I will appreciate help and suggestions with this, as I need to tell the retailer what I want tomorrow,
Thank you
John
(Reposted in correct forum)


----------



## Stewart Vernon (Jan 7, 2005)

Welcome...

I can answer a little bit...

#1 622/722/722K can share external hard drive with each other, but NOT with a 211. A 211 can share with other 211s... but not with a 622/722/722K

#2 I can't help here, as I have neither receiver, so hopefully someone else will wander in and reply.

#3 A 211 with the external hard drive will be like a DVR, but not exactly the same as a 722. A 722 has 2 SAT tuners, while the 211 only has 1... So with a 722 you could record 2 SAT channels, whereas a 211 you could only record 1 (which also means you'd have to be watching what you are recording, instead of watching one thing and recording another, unless you have OTA to watch).


----------



## P Smith (Jul 25, 2002)

2) - not yet, but Dish mumbled about it ... "soon"


----------



## joe80580 (Dec 13, 2009)

Thank you Stewart and P Smith for your replies - This is helping me a lot with deciding which receiver to choose. I am going to go for the 211 and not the 222. I don't realy need another duo with the duo 722k that I will have.

Stewart: 
(1) With regards to the 211k DVR capability when using a hard drive- I assume one will be able to pause live tv with this setup - similar to a normal DVR ?
(2) I plan to take the 211k and harddrive with me when I travel for work a couple of days a month. Will I be able to watch the recorded shows elsewhere with the 211 + HD without having the 211 getting a sat signal?
(3) I see the 211k have a HDMI output - I also assume I will be able to link the 211k output to a flat panel computer monitor with HDMI input - right?
Thanks again
John


----------



## P Smith (Jul 25, 2002)

1 - yes
2 - ummm, probably
3 - yes, if it support HDCP


----------



## Stewart Vernon (Jan 7, 2005)

Supplementing P's answers...

#3 I've learned the hard way about switching from an HDTV to a computer monitor the hard way to make sure I'm in an acceptable input mode for the monitor before doing so!

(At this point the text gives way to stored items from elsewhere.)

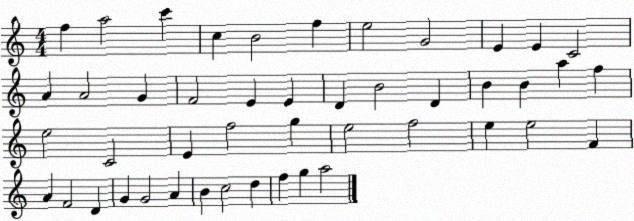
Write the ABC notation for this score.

X:1
T:Untitled
M:4/4
L:1/4
K:C
f a2 c' c B2 f e2 G2 E E C2 A A2 G F2 E E D B2 D B B a f e2 C2 E f2 g e2 f2 e e2 F A F2 D G G2 A B c2 d f g a2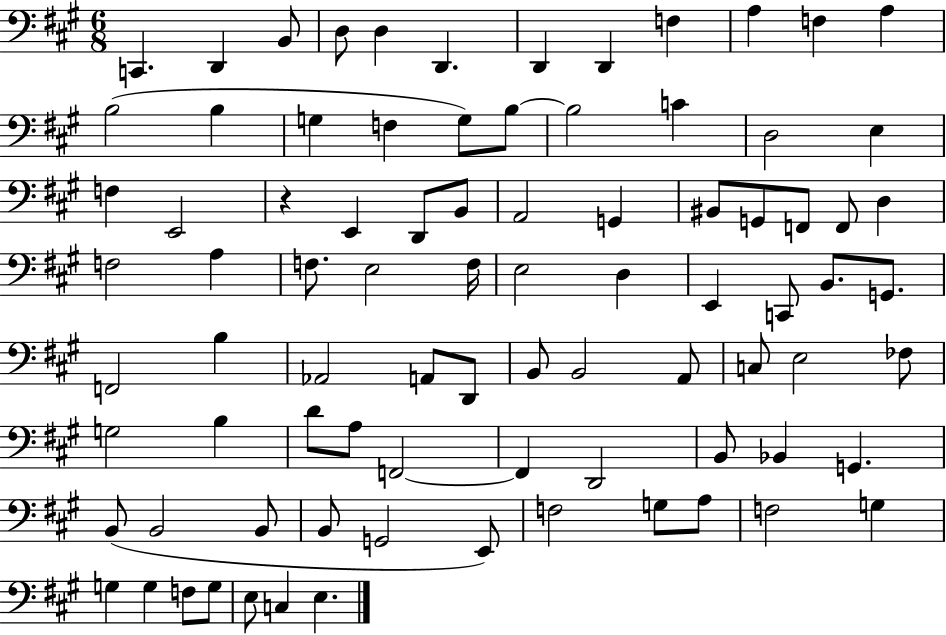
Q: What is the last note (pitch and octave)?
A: E3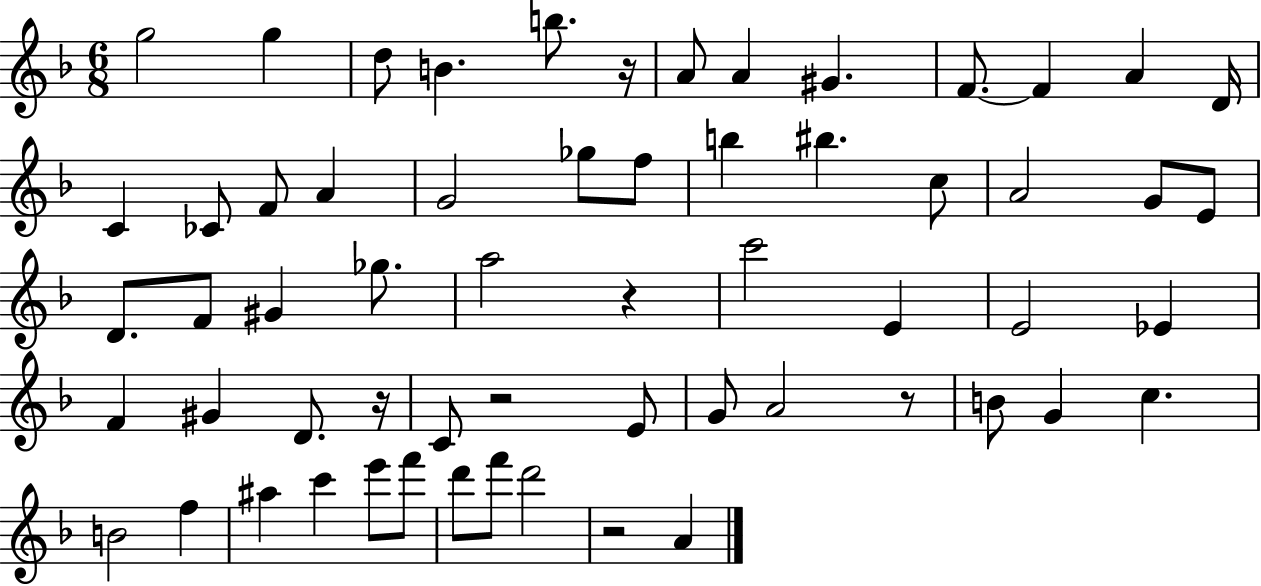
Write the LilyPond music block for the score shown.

{
  \clef treble
  \numericTimeSignature
  \time 6/8
  \key f \major
  g''2 g''4 | d''8 b'4. b''8. r16 | a'8 a'4 gis'4. | f'8.~~ f'4 a'4 d'16 | \break c'4 ces'8 f'8 a'4 | g'2 ges''8 f''8 | b''4 bis''4. c''8 | a'2 g'8 e'8 | \break d'8. f'8 gis'4 ges''8. | a''2 r4 | c'''2 e'4 | e'2 ees'4 | \break f'4 gis'4 d'8. r16 | c'8 r2 e'8 | g'8 a'2 r8 | b'8 g'4 c''4. | \break b'2 f''4 | ais''4 c'''4 e'''8 f'''8 | d'''8 f'''8 d'''2 | r2 a'4 | \break \bar "|."
}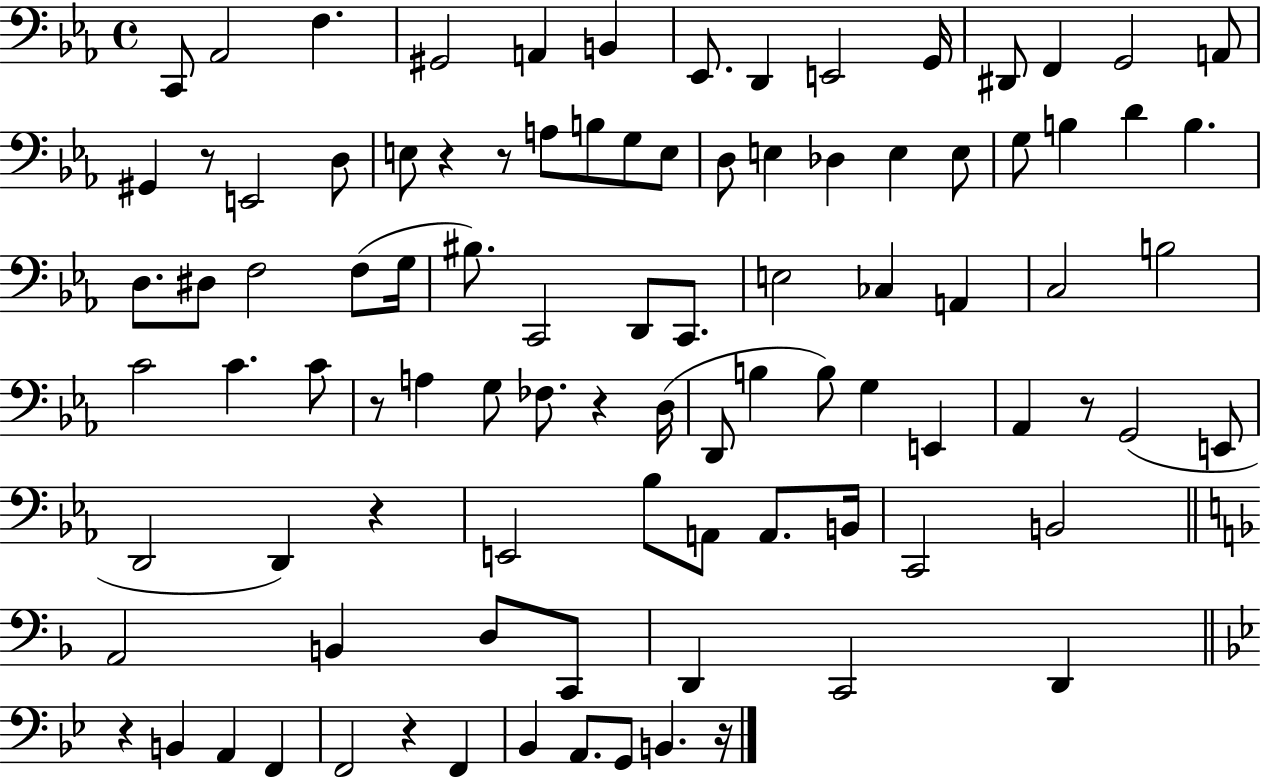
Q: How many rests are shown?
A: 10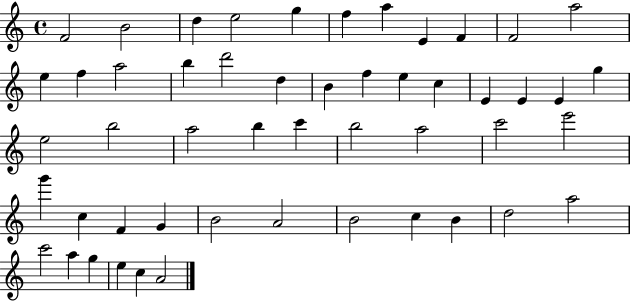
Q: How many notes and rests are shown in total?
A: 51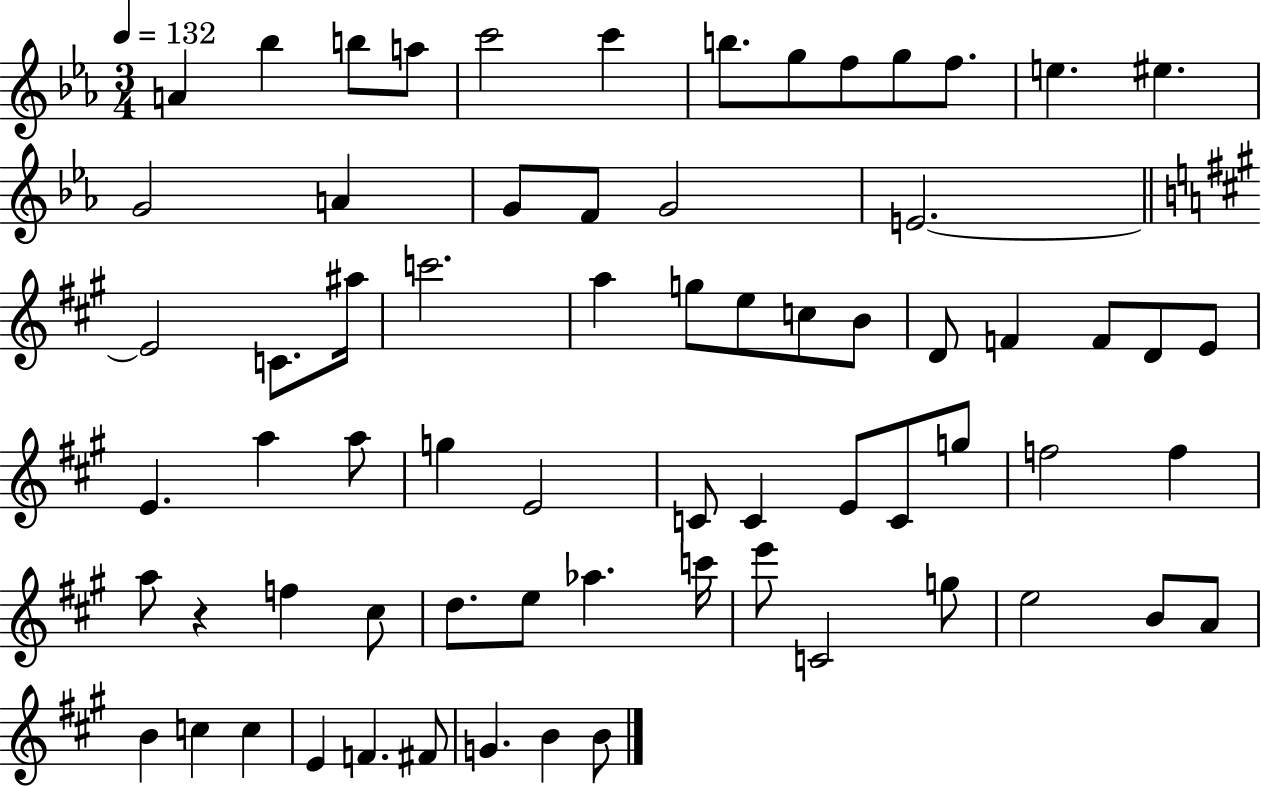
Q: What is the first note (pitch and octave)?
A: A4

I have an HDTV that accepts 480, 720p, 1080i inputs... so I run at 1080i.

I have a computer monitor that accepts 480, 720p inputs.

IF I connect my receiver to the computer monitor without changing it from 1080i to 720p, then I get no video on the computer monitor! Luckily I was good at blind-selecting the menu options to change the video mode... but ideally I should have switched down to 720p before disconnecting from my big TV.


----------



## joe80580 (Dec 13, 2009)

Thank you guys - this is good info and will help me a lot ..
Johan


----------



## larkor (Jul 13, 2007)

You can record two programs at once if you use the OTA tuner.


----------



## Dish97 (Dec 19, 2009)

3. Without a signal I don' think the EHD will be accessable. House sat for my sister last year and took my 622 and EHD. Was able to view all recordings off the 622 but when I tried to access the EHD a message asked if I wanted to format the HD now. I backed away so as not to wipe the EHD clean. :nono2:


----------



## W2KB (Mar 5, 2010)

Does anyone know the maximum size USB 2 external hard drive that can be used with a VIP211K? Thanks!


----------



## P Smith (Jul 25, 2002)

Same as for 211/411 - 1 TB.


----------



## W2KB (Mar 5, 2010)

Thanks!


----------